As of September 30, 2016, the Company had an accumulated deficit of approximately $358.9 million. The Company also had negative cash flow from operations of approximately $27.8 million during the nine months ended September 30, 2016. The Company expects that it will likely need additional capital to further fund development of, and seek regulatory approvals for, its product candidates, and begin to commercialize any approved products.

The Company is currently focused primarily on the development of immunotherapeutic treatments for cancers and debilitating viral infections using targeted cancer killing cell lines, and believes such activities will result in the Company’s continued incurrence of significant research and development and other expenses related to those programs. If the clinical trials for any of the Company’s product candidates fail or produce unsuccessful results and those product candidates do not gain regulatory approval, or if any of the Company’s product candidates, if approved, fails to achieve market acceptance, the Company may never become profitable. Even if the Company achieves profitability in the future, it may not be able to sustain profitability in subsequent periods. The Company intends to cover its future operating expenses through cash and cash equivalents and marketable securities on hand and through a combination of equity offerings, debt financings, government or other third-party funding, marketing and distribution arrangements and other collaborations, strategic alliances and licensing arrangements. Additional financing may not be available to the Company when needed and, if available, financing may not be obtained on terms favorable to the Company or its stockholders.

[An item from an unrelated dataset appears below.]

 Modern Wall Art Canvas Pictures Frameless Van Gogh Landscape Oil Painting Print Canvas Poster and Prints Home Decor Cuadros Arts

While the Company expects its existing cash and cash equivalents and marketable securities will enable it to fund operations and capital expenditure requirements for the foreseeable future, it may not have sufficient funds to reach commercialization. Failure to obtain adequate financing when needed may require the Company to delay, reduce, limit or terminate some or all of its development programs or future commercialization efforts or grant rights to develop and market product candidates that the Company might otherwise prefer to develop and market itself which could adversely affect the Company’s ability to operate as a going concern. If the Company raises additional funds from the issuance of equity securities, substantial dilution to existing stockholders may result. If the Company raises additional funds by incurring debt financing, the terms of the debt may involve significant cash payment obligations as well as covenants and specific financial ratios that may restrict the Company’s ability to operate its business.